Après avoir poursuivi ma formation en comptabilité, ainsi qu’à l’Institut français du café et du cacao, je suis responsable aujourd’hui de la partie commerciale et mon frère, de la partie administrative. L’entreprise compte 11 salariés, notre marché est partagé entre la grande et moyenne distribution et celui des cafés, hôtellerie et restauration. Pour ce dernier, nous fournissons en plus du café, tout le matériel associé, machines, touillettes, sucre, thé, chocolat, jus d’orange et même des confitures !

Quels sont vos projets d’avenir ?

L’avenir pour nous est de pouvoir développer d’autres marchés sur le continent et à l’étranger. Le Café Corsica est une marque qui possède une très forte identité, mais comme toute marque, nous devons trouver des niches de développement. Le café bio en est une, un réseau de 400 boulangeries bio vient d’ailleurs de s’adresser à nous pour fournir en café en grain, toutes les boutiques dans lesquelles sont installées des machines.

Comment se porte le marché du café ?

Nous souffrons comme les autres structures en Corse du même climat général. Nous sommes confrontés en hiver à un marché restreint, et à une saison de plus en plus courte. Paradoxalement, nous devons avoir une capacité de production qui passe du simple au triple entre février et juillet. Nous sommes donc capables de pouvoir répondre à des marchés extérieurs, et le groupe Segafredo nous permet de pouvoir utiliser la puissance de leur force commerciale.

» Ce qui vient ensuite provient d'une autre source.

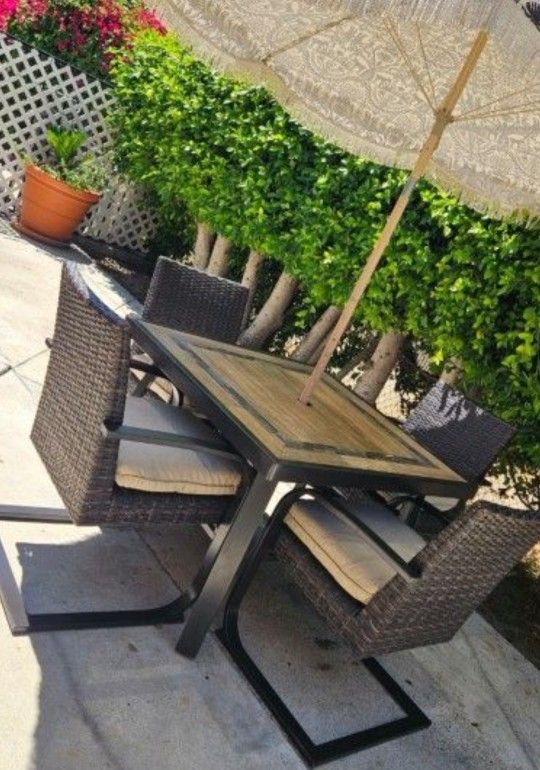5pc Patio Set/Outdoor Dining Set/Outdoor Furniture/Cash Only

Quel est votre regard sur l’entreprenariat en Corse ?

J’observe avec bienveillance un certain dynamisme et un professionnalisme au sein de la nouvelle génération d’entrepreneurs. Nous sommes passés dans une nouvelle ère dans laquelle au-delà de la simple transmission, se développe une plus grande créativité en particulier dans l’agroalimentaire, dans le textile, l’artisanat d’art.

Et sur la jeunesse ?

Je ne veux pas jouer à l’ancien combattant mais je préfère la mienne à la leur. Le monde virtuel, dans lequel ils évoluent, n’est pas celui des valeurs que je défends. Ils sont ensemble mais seuls.

Quels sont vos regrets ?

J’ai le regret de ne pas voyager assez mais professionnellement je suis un privilégié, j’ai choisi la facilité mais sans regret. D’ailleurs, j’ai toujours cette petite phrase qui trotte dans la tête dans les moments un peu plus stressants : « c’est pas grave, ça va s’arranger ».

Et votre fierté ?

Je suis fier d’appartenir à la troisième génération de cette entreprise, mes enfants ne vont sans doute pas prendre la suite mais il y a mes neveux qui sont encore jeunes et qui sait peut-être que les miens changeront d’avis.

Quand j’ai commencé dans la brûlerie, j’étais le plus jeune, les anciens m’ont vu grandir, aujourd’hui mon frère et moi sommes les plus âgés, quand j’y pense, je souris et je suis fier du chemin parcouru.